Teens spend the summer researching in PSU labs

PITTSBURG, Kan. – Isabella Earp is a student at St. Thomas Aquinas High School in Overland Park, but two days a week she makes the four-hour round trip to Pittsburg for a unique educational opportunity that offers a chance to help find a new clean and renewable energy sources.

Along with seven other high school students, she is part of an internship program at the Kansas Polymer Research Center at Pittsburg State University funded by grants from PSU’s Polymer Chemistry program, as well as a space grant from the NASA in Kansas and the National Institute of Standards and Technology. .

“I’m part of an environmental club in high school and I’m excited about everything about STEM and the ability to continue to learn that here,” she said. “Renewable energies are an important topic and doing this kind of work will give me an advantage. ”

It also gives her $ 8 an hour, 20 hours a week, in more intriguing work, she noted, than her other at McDonald’s.

Closer to Pittsburg, Parker Neely didn’t have to think twice before heading to Pittsburg to take advantage of the opportunity offered by the internship program.

“I love chemistry, I love physics, and Pitt State has one of the best polymer chemistry programs in the country,” he said. “It’s worth it.”

Earp and Neely, along with local students Ashlan Brooks, Anjali Gupta, Madeline Ellis and Cassia Allison from Pittsburg High School, and Kamilla Frevele, a high school student from Southeast High School in Cherokee, synthesize a new material, printed by 3D printers, to be used in super capacitors, batteries and fuel cells. They are joined by Peyton Klamar, an undergraduate student at PSU, and Edilawit Mehari, an undergraduate student at Cottey College.

Teenagers are motivated by two things: the desire to gain experience before the next step in their college journey, and the desire to do something for the environment.

“It’s like I’m doing something valuable to help fix things,” Neely said.

“I want to make a difference,” Allison said. “Our generation knows we have to do it.”

“It makes me feel important to do something that could change our environment,” Gupta said.

In the lab

Students conduct their research in Labs 118 and 121 in the heart of the KPRC, located at the eastern end of campus, adjacent to the university’s softball and baseball fields.

They are guided by scientists from all over the world to Pittsburg to work at the center. Here, these scientists collaborate with industrial partners, organizations, state and federal agencies and producer associations to develop and commercialize intellectual property.
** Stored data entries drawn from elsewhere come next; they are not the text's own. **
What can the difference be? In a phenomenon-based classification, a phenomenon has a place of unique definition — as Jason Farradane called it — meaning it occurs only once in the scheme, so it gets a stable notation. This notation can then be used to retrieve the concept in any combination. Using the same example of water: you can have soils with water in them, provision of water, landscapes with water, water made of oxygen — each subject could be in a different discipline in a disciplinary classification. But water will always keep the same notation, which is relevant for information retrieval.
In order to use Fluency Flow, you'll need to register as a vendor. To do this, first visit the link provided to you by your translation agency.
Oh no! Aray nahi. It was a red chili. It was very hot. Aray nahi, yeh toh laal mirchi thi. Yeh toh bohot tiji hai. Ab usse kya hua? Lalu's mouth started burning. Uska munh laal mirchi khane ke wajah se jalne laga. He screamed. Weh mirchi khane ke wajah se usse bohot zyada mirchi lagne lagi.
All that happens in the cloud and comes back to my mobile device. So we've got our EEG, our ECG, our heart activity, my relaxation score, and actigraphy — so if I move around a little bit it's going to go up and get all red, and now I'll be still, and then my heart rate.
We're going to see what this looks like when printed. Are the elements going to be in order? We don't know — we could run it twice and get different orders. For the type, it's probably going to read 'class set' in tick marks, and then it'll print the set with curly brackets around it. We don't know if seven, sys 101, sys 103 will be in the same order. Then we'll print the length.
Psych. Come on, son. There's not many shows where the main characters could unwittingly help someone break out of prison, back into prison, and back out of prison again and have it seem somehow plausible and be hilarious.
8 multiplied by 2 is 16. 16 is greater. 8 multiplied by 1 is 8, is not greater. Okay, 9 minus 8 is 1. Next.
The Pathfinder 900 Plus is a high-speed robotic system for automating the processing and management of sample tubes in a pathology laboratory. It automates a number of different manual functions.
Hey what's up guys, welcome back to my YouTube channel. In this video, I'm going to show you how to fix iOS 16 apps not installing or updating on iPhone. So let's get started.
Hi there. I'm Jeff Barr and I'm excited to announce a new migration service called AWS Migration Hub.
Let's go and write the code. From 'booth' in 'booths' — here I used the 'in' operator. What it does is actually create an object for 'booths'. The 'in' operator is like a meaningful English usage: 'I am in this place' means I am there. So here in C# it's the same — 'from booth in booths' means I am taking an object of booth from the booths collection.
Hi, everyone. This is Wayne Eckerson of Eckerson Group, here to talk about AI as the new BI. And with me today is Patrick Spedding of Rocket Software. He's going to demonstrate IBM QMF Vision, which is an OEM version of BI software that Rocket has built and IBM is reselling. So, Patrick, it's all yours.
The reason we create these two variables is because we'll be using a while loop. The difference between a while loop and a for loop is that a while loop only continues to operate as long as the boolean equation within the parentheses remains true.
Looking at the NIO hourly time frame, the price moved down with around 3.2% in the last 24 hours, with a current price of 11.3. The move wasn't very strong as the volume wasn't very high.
Their main objectives: polyurethanes, bio-based materials, polymer foams and electroactive materials.

The laboratories give students access to advanced equipment such as a scanning electron microscope, X-ray diffraction, infrared spectrometer, thermal analyzer, and equipment used for electrochemical synthesis and testing.

As they work, they draw inspiration from stories of what students have already helped discover at KPRC: Last year, two high school students worked with associate professor Ram Gupta to find a solution to convert the bio-waste – things like pomegranate shells, used coffee grounds, and soybean stems, leaves and hulls – in an energy storage device.

Other students have helped develop an environmentally friendly flame retardant foam that can be used in commercial applications such as construction and automobiles. The fuel cells that students are researching this year could be used in electric cars.

“Reducing the cost would make them affordable for the masses, while improving their charging would make them more travel friendly,” Professor Gupta said.

The skills learned by students also have direct application to the Kansas workforce, where nearly half a million people are employed in the plastics and polymers industries. Beyond Kansas, the sky is the limit, Gupta said, when it comes to those students finding lucrative jobs in the field – what they do is the future.

“It’s pretty amazing what’s going on here,” Ellis said. “It’s exciting to be a part of it.